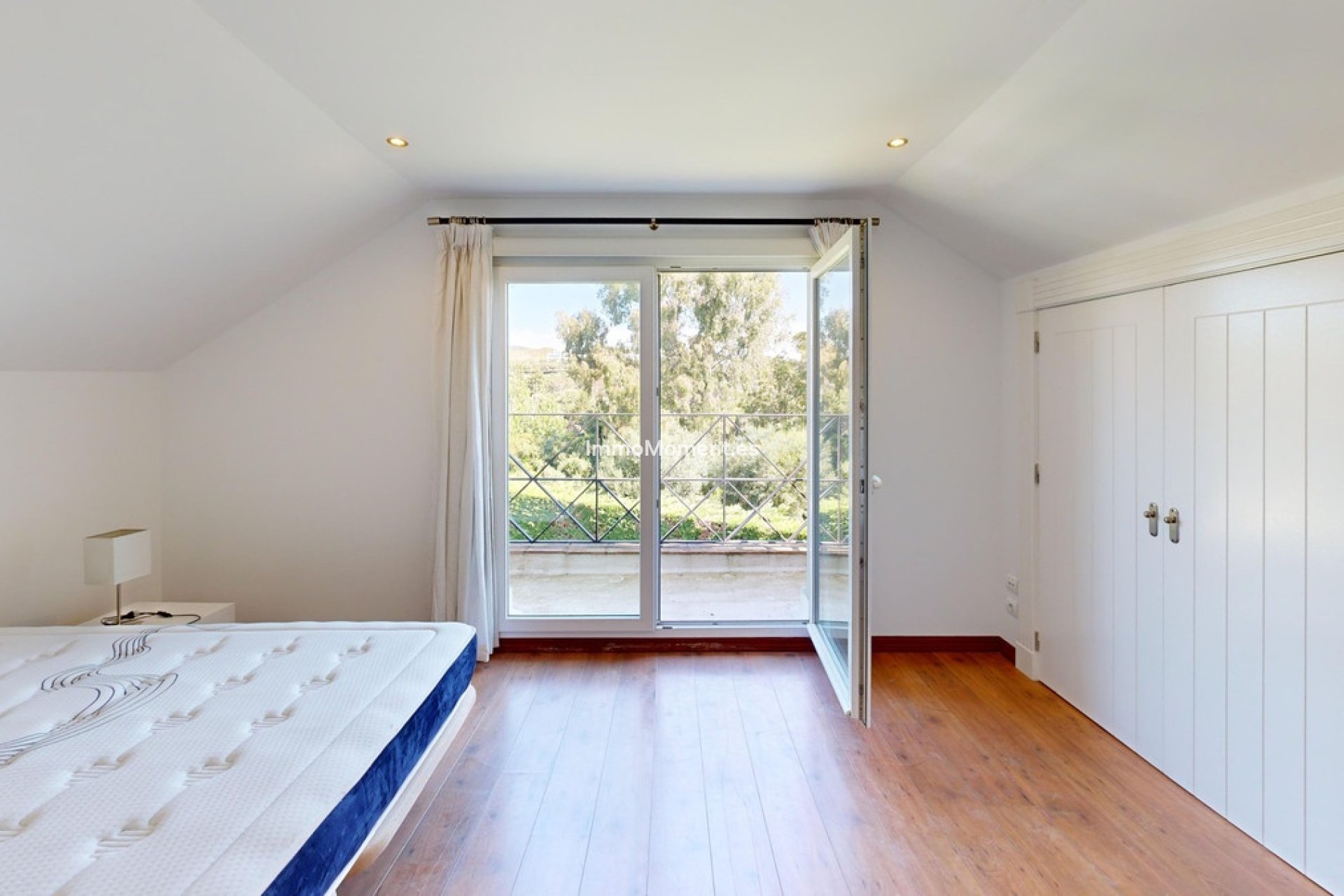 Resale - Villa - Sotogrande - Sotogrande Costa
==
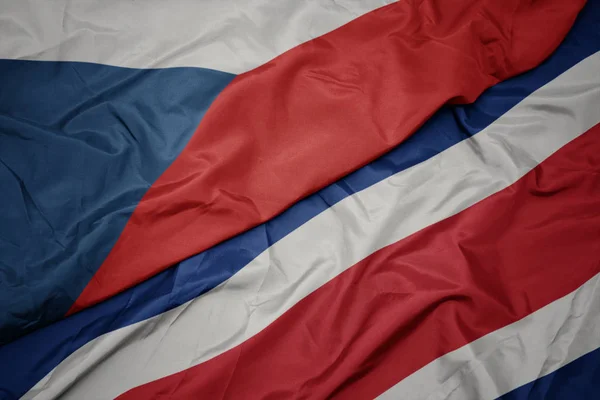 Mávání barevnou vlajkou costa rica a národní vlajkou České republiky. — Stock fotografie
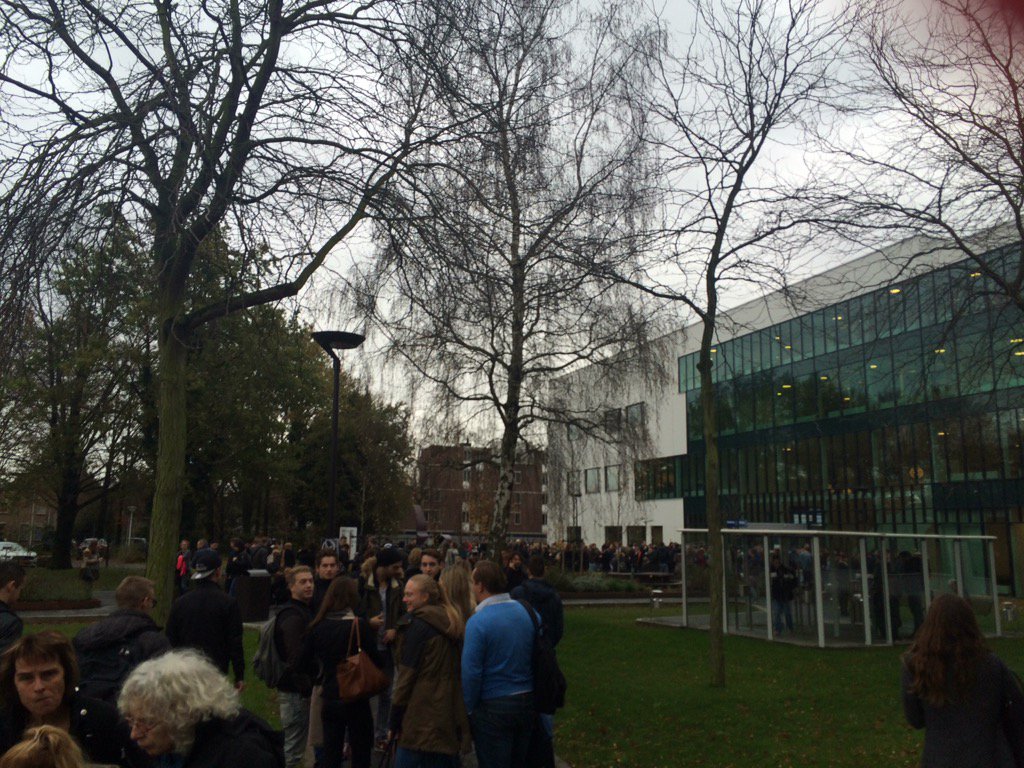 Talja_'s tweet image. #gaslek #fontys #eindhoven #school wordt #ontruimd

Activity = The lines to set down run from the line with "Mávání barevnou vlajkou" up to and including the line with "Talja_'s tweet image." in the entries above. Reproduce them exactly, with no pictures.

Task result =
 Mávání barevnou vlajkou costa rica a národní vlajkou České republiky. — Stock fotografie
 Talja_'s tweet image. #gaslek #fontys #eindhoven #school wordt #ontruimd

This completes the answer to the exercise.